Forecasting corporate bankruptcy and financial distress is a crucial and intriguing research topic within the realm of business and finance. Recently, numerous models for forecasting bankruptcy and financial distress have been developed using artificial intelligence techniques under a supervised learning paradigm. However, in practical applications, generating large amounts of labeled samples for training supervised learning models is a highly inefficient and labor‐intensive process. In this paper, by taking practical application scenarios into consideration, we propose a novel bankruptcy and financial distress prediction method called Class‐Rebalanced Self‐Training Semi‐Constrained Matrix Factorization (CRST‐SemiCMF), which integrates the class‐rebalancing technique and the self‐training strategy within a constrained matrix factorization framework. The CRST‐SemiCMF method can alternatingly train a semi‐constrained matrix factorization model on both labeled and unlabeled datasets, progressively expanding the labeled dataset by sampling the unlabeled dataset with pseudo‐labels. Crucially, our method can adaptively determine the sampling rates for different classes of imbalanced datasets. Moreover, we also introduce a novel modification to the self‐training strategy employed in our proposed method to effectively address class‐imbalance issues commonly encountered in datasets for bankruptcy and financial distress prediction.

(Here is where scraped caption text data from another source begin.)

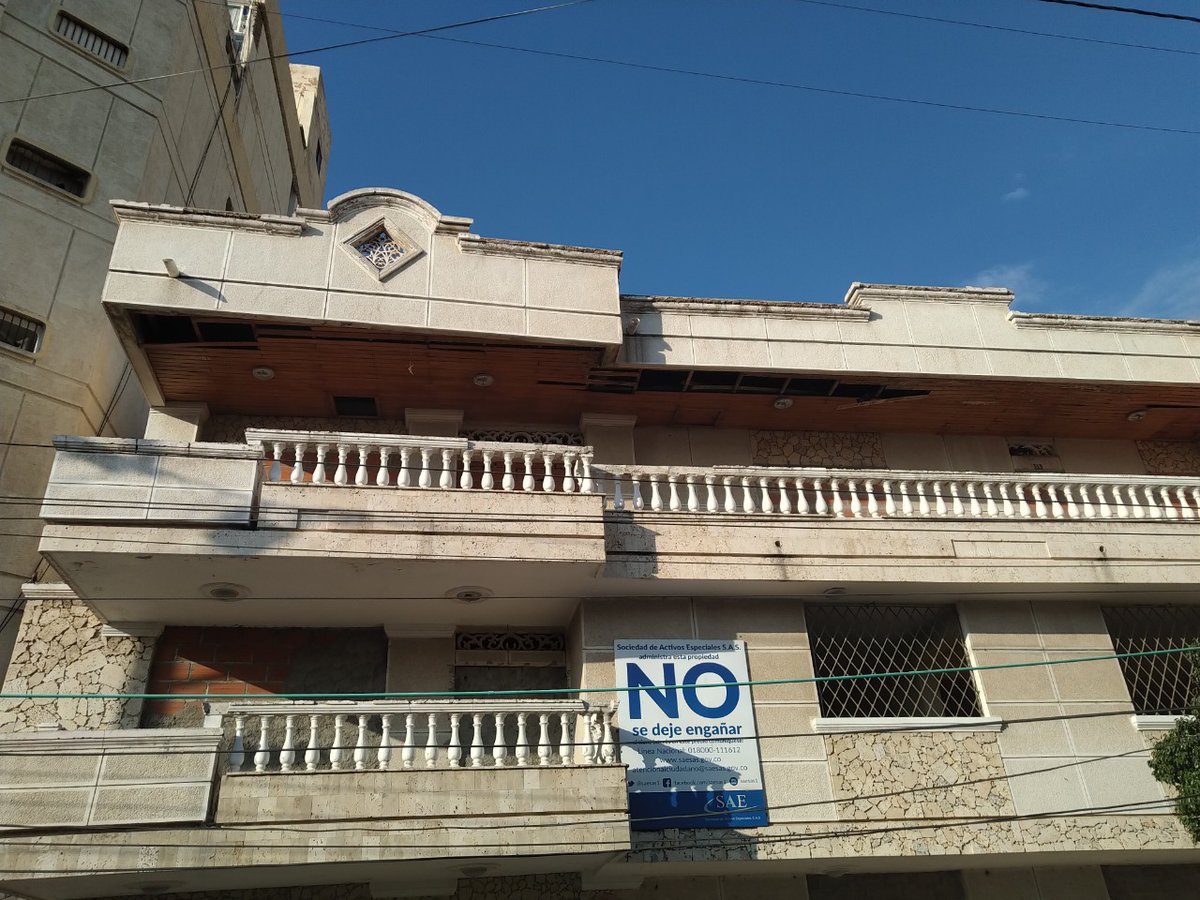 yanoes123's tweet photo. Este es el edificio en la calle 11, esta foto fue tomada en el 2020 a la fecha no hemos tenido respuesta concreta por parte de la @SAESAS1 de las diferentes solicitudes enviadas, hoy esta en completo abandono e invadido por habitantes de calle, causando graves afectaciones. https://t.co/hjcpvhva37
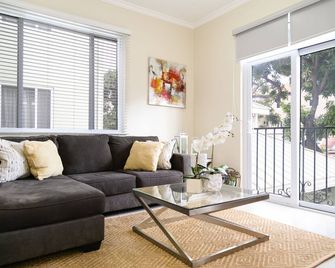 Modern Condo Self-Contained With Great Amenities + Free Coffee - Half Way Tree - Living room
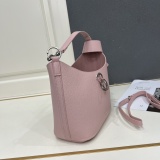Balenciaga Classic Versatile Leather Bucket Bag Crossbody Bag Size: 25 x 18 x 13 CM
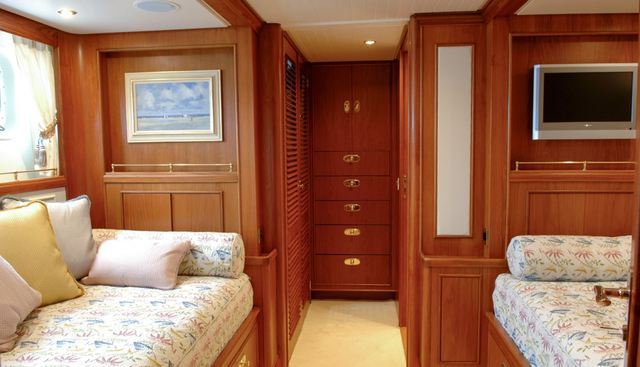 LA REINA DEL MAR yacht for sale 8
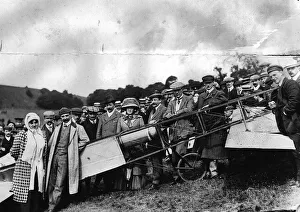 00340 Prints: Bleriot with his wife on Dover cliffs after his successful flight of the English channel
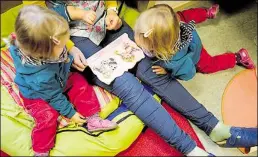  ?? DPA-BILD: STRATENSCH­ULTE ?? Eine Erzieherin liest ein Buch in einer Kindertage­sstätte der Arbeiterwo­hlfahrt (AWO) in Hannover vor.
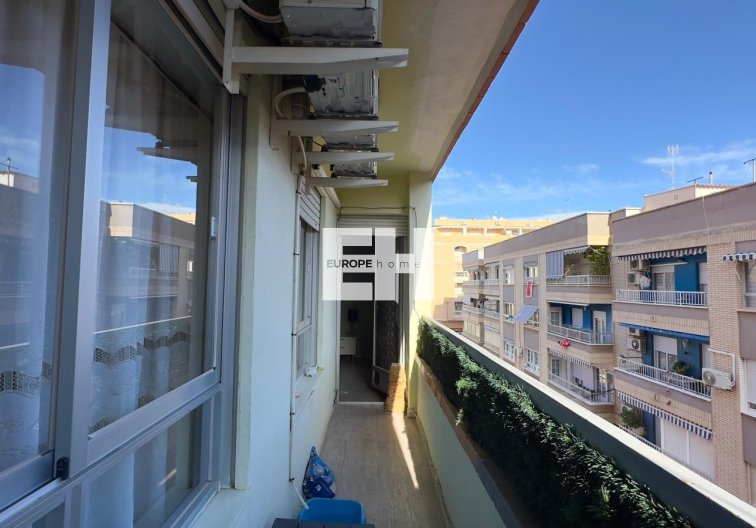 Resale - Apartment - Torrevieja - Centro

To validate the proposed method, we conduct extensive experiments using multiple UCI benchmark datasets and a real‐world financial dataset of Chinese listed companies. The results demonstrate that (1) our method achieves the highest classification accuracy across nearly all proportions of available labeled samples; (2) it obtains a false negative rate on par with supervised‐CMF while surpassing SemiCMF; and (3) it gets better Recall and F1‐scores than SemiCMF, with performance comparable to or exceeding supervised CMF. These findings consistently confirm our method's effectiveness for bankruptcy prediction and financial distress forecasting across multiple evaluation metrics.

Suggested Citation

  • Zhensong Chen & Yanxin Liu & Xueyong Liu & Jipeng Dong, 2026. "Forecasting Corporate Bankruptcy Through Class‐Rebalanced Self‐Training Semi‐Constrained Matrix Factorization," Journal of Forecasting, John Wiley & Sons, Ltd., vol. 45(2), pages 530-546, March.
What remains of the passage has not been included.